Protein complex crystallization, X-ray data collection, structure solution, and model refinement

APPI_{M17G/I18F/F34V} was mixed with catalytically inactive mesotrypsin-S195A in an equimolar ratio at a total protein concentration of 4 mg/mL and then mixed 1:1 (v/v) with reservoir solution. The complex was crystallized at room temperature via the hanging drop method over a reservoir solution containing 0.1 M ammonium sulfate, 0.1 M Tris pH 7.5, and 20% PEG-1000. Crystals were harvested, cryoprotected, and flash cooled in liquid N₂. X-ray diffraction data were collected at 100 K, at beamline 8.2.1 of the Advanced Light Source, Lawrence Berkeley National Laboratory, from one crystal that diffracted to 1.83 Å. Data were merged and scaled with XDS [41]. The crystal belonged to the space group P4₁2₁2, with unit cell dimensions a = 78.15, b = 78.15, c = 243.73 and contained two copies of the complex in the asymmetric unit. The structure was solved by molecular replacement with MOLREP in CCP4 [42], using as the search model the complex of human mesotrypsin with APPI_WT [Protein Data Bank (PDB) 3L33] [32]. Refinement employed alternating manual rebuilding in COOT [43] and automated refinement using REFMAC5 [44]. The quality of the final models was analyzed using wwPDB validation tools [45]. The coordinates and structure factors have been submitted to the Worldwide Protein Data Bank under the accession code 5C67.

RESULTS

Yeast-displayed APPI_WT is rapidly cleaved by human mesotrypsin

The YSD system for directed evolution is based on the expression of a library of mutant proteins on the surface of yeast, followed by the selection of variants with improved affinity. However, this system has not been employed previously for identifying proteolytic cleavage or improving the proteolytic resistance of a displayed inhibitor. To test the compatibility of APPI_WT with the YSD system, we cloned the coding region of APPI_WT into a YSD plasmid for presentation on the Saccharomyces cerevisiae yeast surface as a fusion with the Aga2p agglutinin protein (Fig. S1). Correct folding of APPI_WT was then verified by using flow activated cell sorting (FACS) for the detection of bound fluorescently labeled bovine trypsin, which is an established, tight-binding target of APPI [32]. We found that APPI displayed on the yeast surface was highly expressed and showed significant binding to bovine trypsin, thereby demonstrating proper folding of APPI (Figure 1A).
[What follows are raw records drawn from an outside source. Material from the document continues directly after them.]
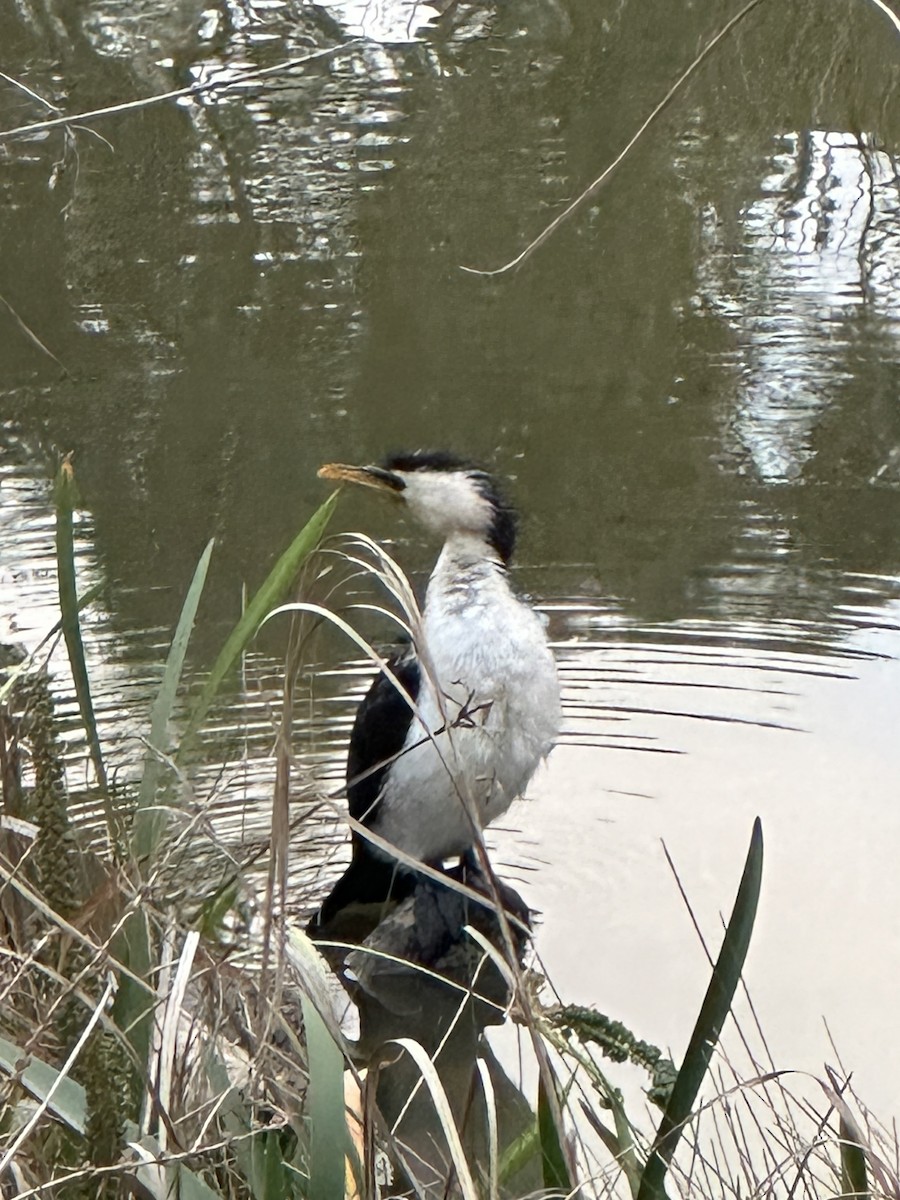 Little Pied Cormorant - ML643246804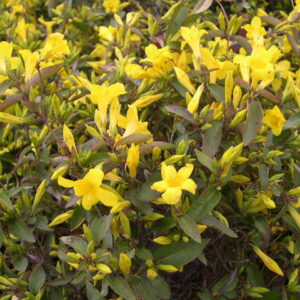Yellow Carolina Jessamine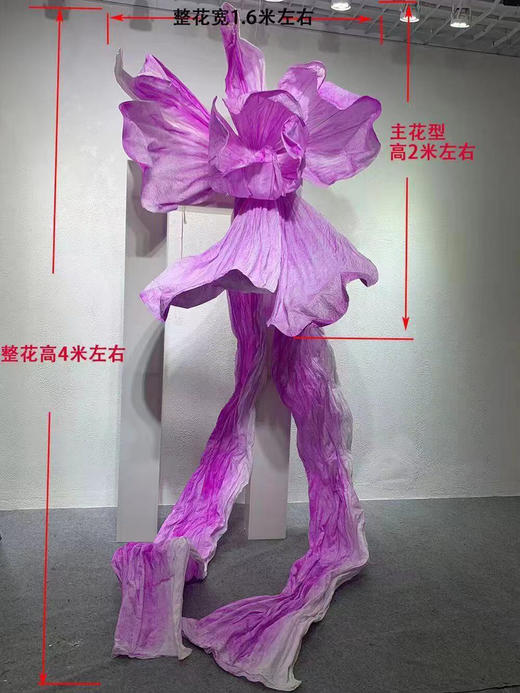 瀑布花（运费自理） 商品图0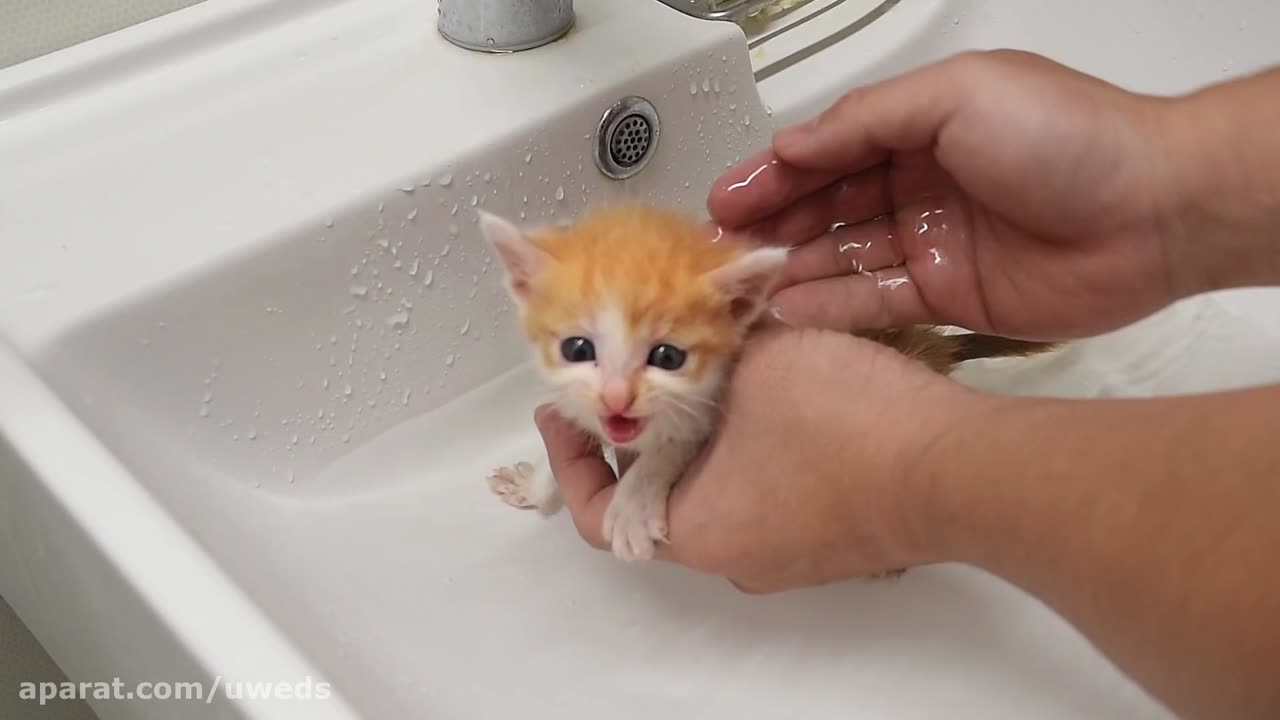 Cute cat bathing😍😍😍😍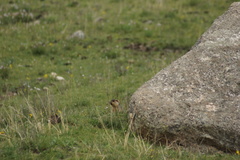 Marmota himalayana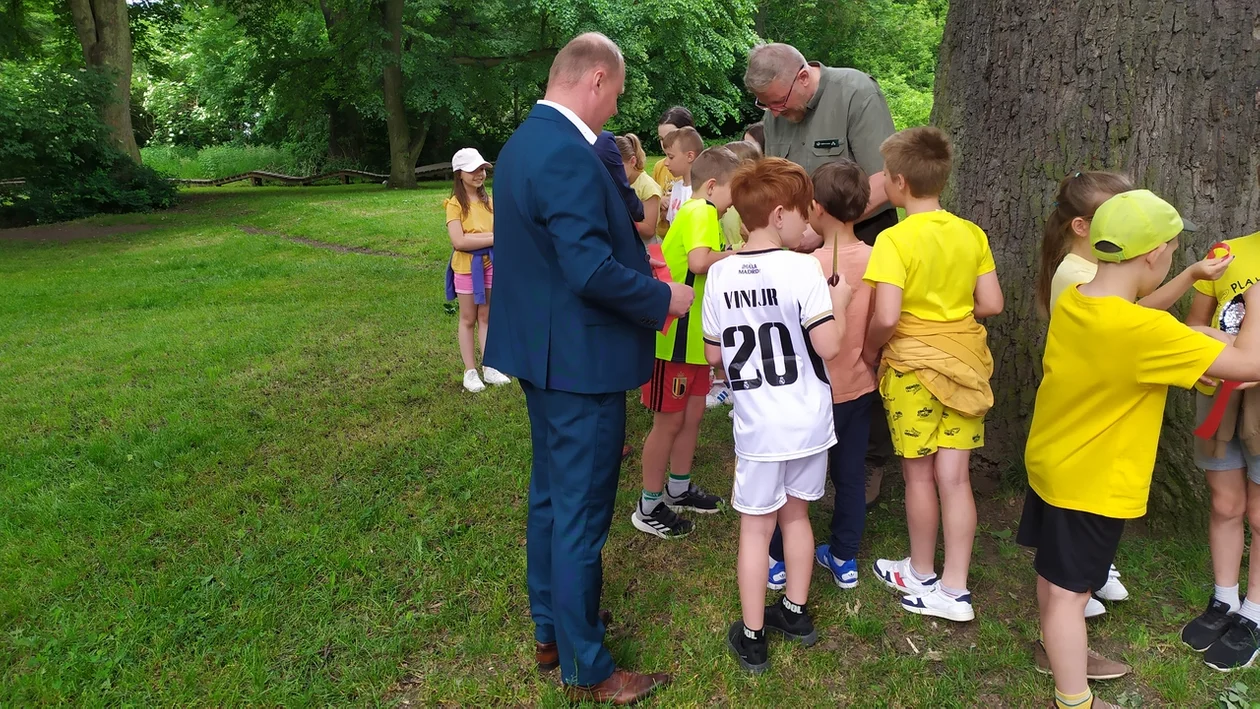 Nowa Ruda. Antoni, Tadeusz, Jan i Józef, to imiona czterech nowych pomników przyrody w Słupcu [galeria]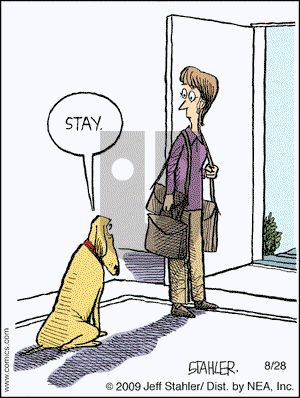 Moderately Confused on Friday August 28, 2009 Comic Strip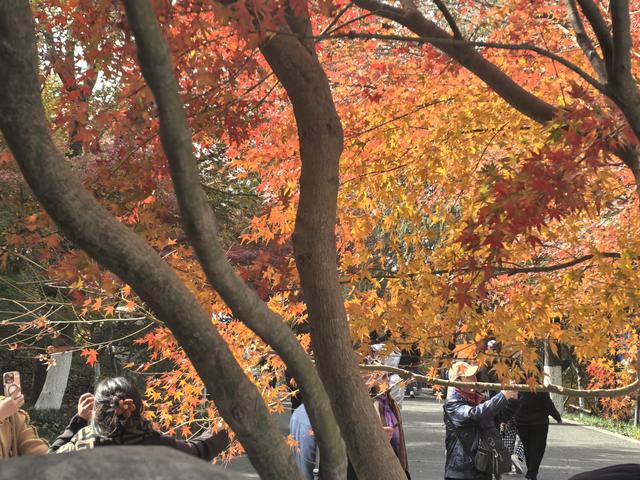 南京栖霞山一日徒步，游千年古刹，看漫山红叶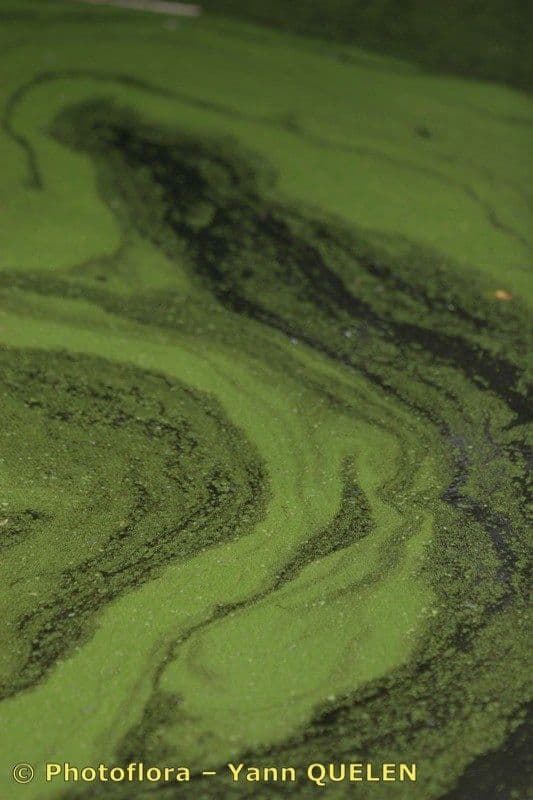 Wortelloos kroos (Wolffia arrhiza) - microscopische waterplanten
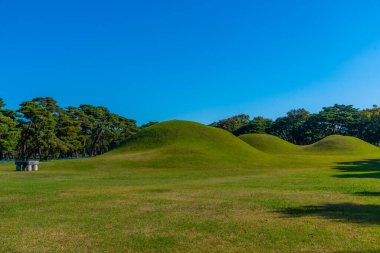 Kore Cumhuriyeti, Gyeongju 'daki Şilla Oreung kraliyet mezarları.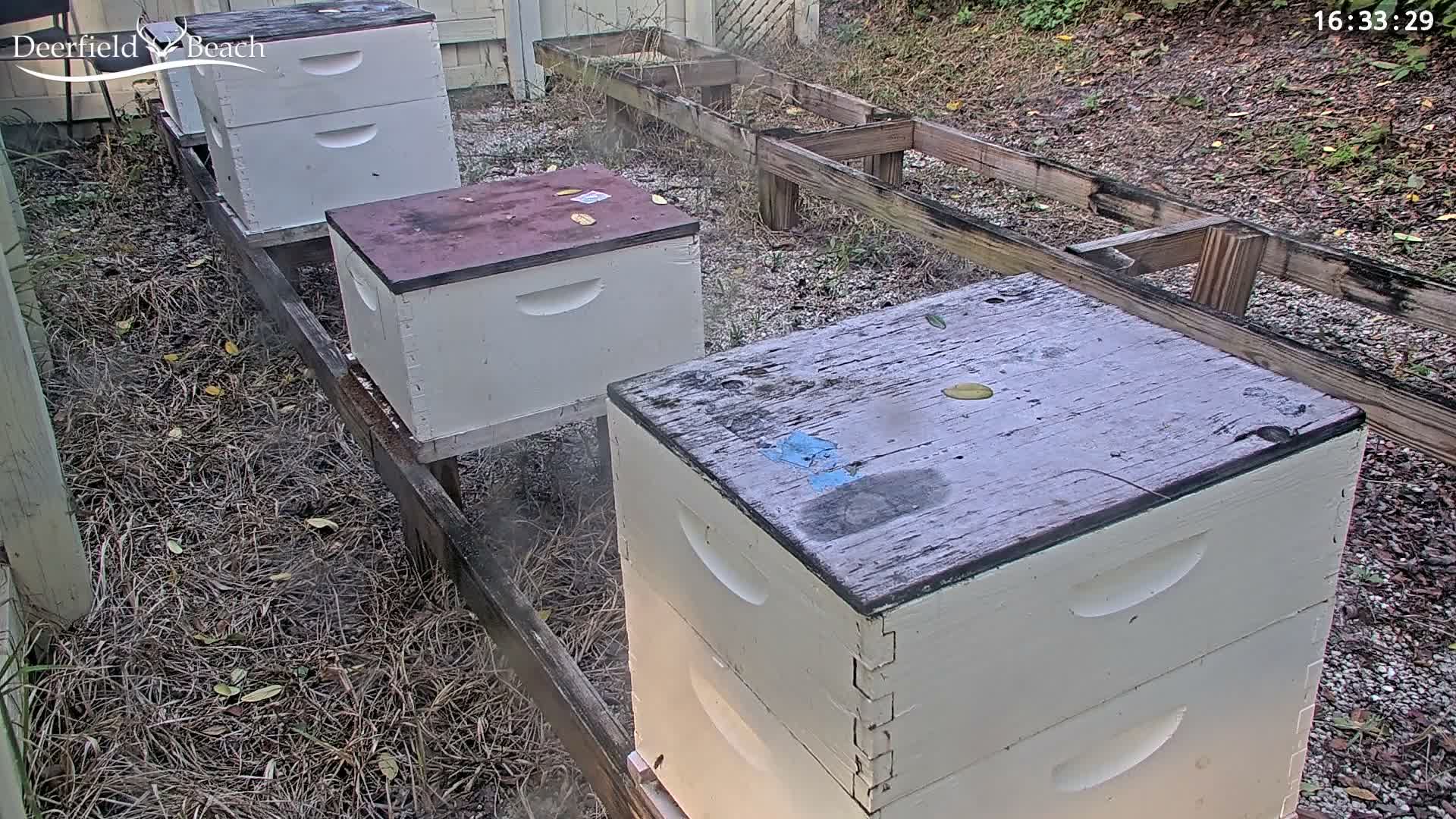 Deerfield Beach City Bee Apiary Farm Live Cam - Deerfield Beach, Broward, Florida, USA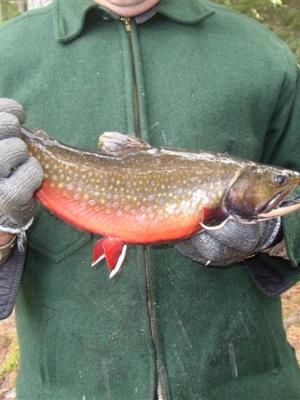 Photo courtesy of NHFG Fisheries Biologist Jim Viar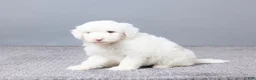 Sheepadoodle dogs for sale: Addison - Ad 8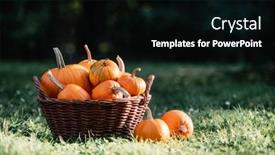  Presentation with different - Theme enhanced with different-kind-of-pumpkins background and a black colored foreground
Figure 1. Yeast surface displayed APPI_WT is cleaved by active mesotrypsin but detected by catalytically inactive mesotrypsin-S195A.

(A) Dual-color flow cytometric expression and folding analysis. APPI expression is shown on the X-axis and binding of APPI to bovine-trypsin (50 nM) on the Y-axis. Subpanels 1, 2, 3 and 4 represent unstained, PE-labeled expression, FITC-labeled binding and dual-labeled cells (demonstrating expression and binding, respectively). (B) APPI_WT is not detected by active mesotrypsin. Panel B shows dual-labeled cells as in panel A, after exposure to different concentrations of FITC-labeled active mesotrypsin (in red). (C) General scheme of the ‘triple staining method’ for detection of residual uncleaved APPI by FITC-labeled catalytically inactive mesotrypsin-S195A after preincubation of cells with active mesotrypsin. (D) Intact APPI is detected by mesotrypsin-S195A. Panel D shows dual-labeled cells, as in panel B, after stepwise exposure to unlabeled active mesotrypsin (in red) followed by FITC-labeled mesotrypsin-S195A (in blue). Preincubation with increasing concentrations of active mesotrypsin correlated with the loss of the FITC signal, suggesting cleavage of surface-displayed APPI_WT by active mesotrypsin. For all panels, the surface expression of APPI was detected by using a primary antibody against the C-terminal c-Myc tag and a PE-labeled secondary antibody, while binding to APPI was detected by a biotinylated target (bovine trypsin or mesotrypsin) and FITC-labeled streptavidin. Non-induced cells are shown in the bottom left quadrant of each plot. FITC- and PE-positive clones (green square) demonstrate resistant clones and FITC-negative PE-positive clones (yellow square) demonstrate cleaved clones.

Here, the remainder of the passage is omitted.